For me Cognac and Tequila and early in the day Kahlua and Baileys. Santa fe is not bad, but to be one of the newest suburbs in the city it doesn't compare with likes of Taipai, Singapour, Makati, KL and the list just goes on and on. I was actually expecting a more modern, better planned suburb. Maybe I'm just spoiled for ever from all my travels. 

Any way found a lovely house in los Encinos golf Club 15 min from Santa Fe on the way to Toluca, so Santa Fe will have to do for now.

Cheers.

Click to expand...

_What can I say, Rey; your point is well taken and, perhaps my reference to Santa Fe as the most splendid suburb of the DF was a bit of hyperbole. My excuse is that, in recent years, that is, since we have established residences in far-flung Lake Chapala and the Chiapas Highlands, our experiences with Mexico City have been to drive through the megalopolis as efficiently and quickly as possible transitting from suburban Santa Fe over (mostly) expressways through Bosque de Chapultepec and what we deem the central city and out the east through the dismal suburban and exurban slums surrounding the city there until climbing the mountain to the Puebla Plain so our experience with various Mexico City suburbs is limited.
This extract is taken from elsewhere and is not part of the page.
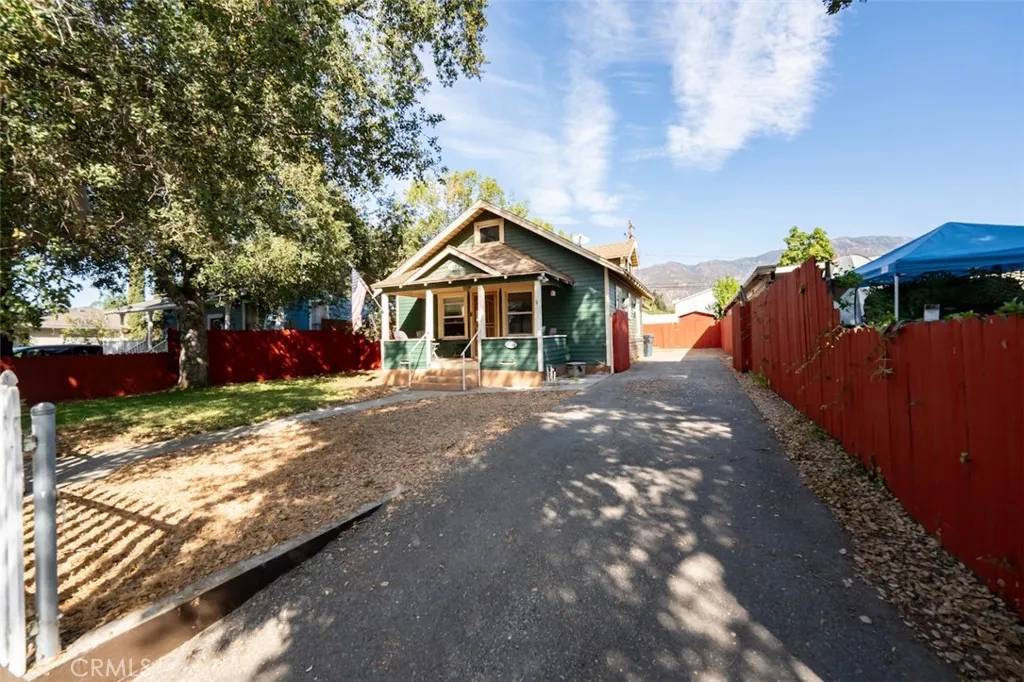 Monrovia, CA 91016,425 E Walnut Avenue
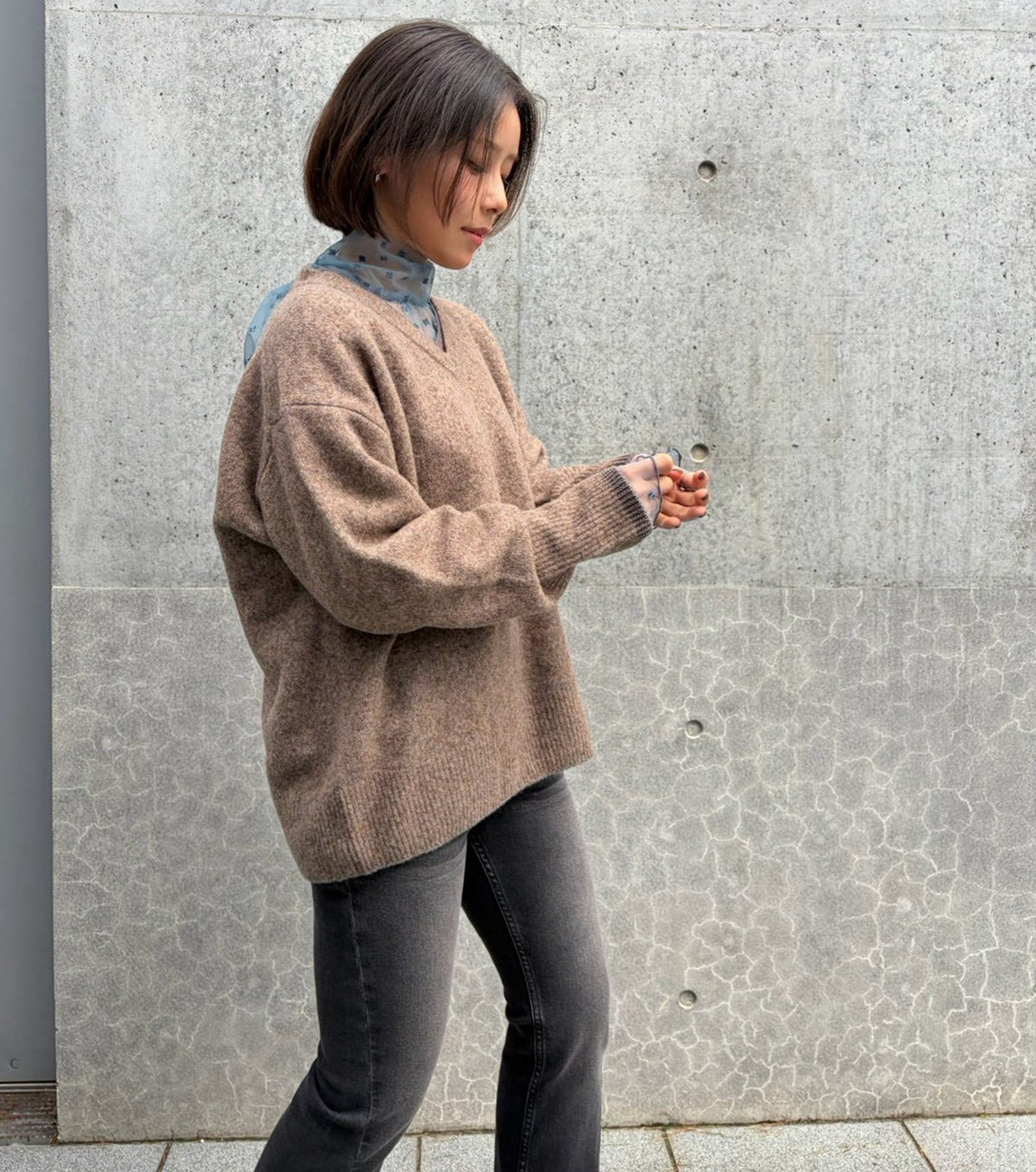 Contrast Collar V-Neck Pullover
It was always, after all, our goal on a motor journey from Chapala to San Cristóbal before the Arco Norte opened to make it from the lake to Orizaba in the first day negotiating the massive urban jungle in between and there was no time for delay in getting through the big city. 

I was too busy, in those days, watching for moronic drivers and seriously crooked DF cops to notice any exclusive suburbs and the violent and poverty stricken eastern suburban slums were not places in which to become lost if at all possible. Nowadays, the trip is, in comparison, a lark. I hit the Arco Norte near Atlacomulco, put baby on cruise control and the next thing I know, I´m in Puebla. Thank you Jesus (and the Mexican Highway Department).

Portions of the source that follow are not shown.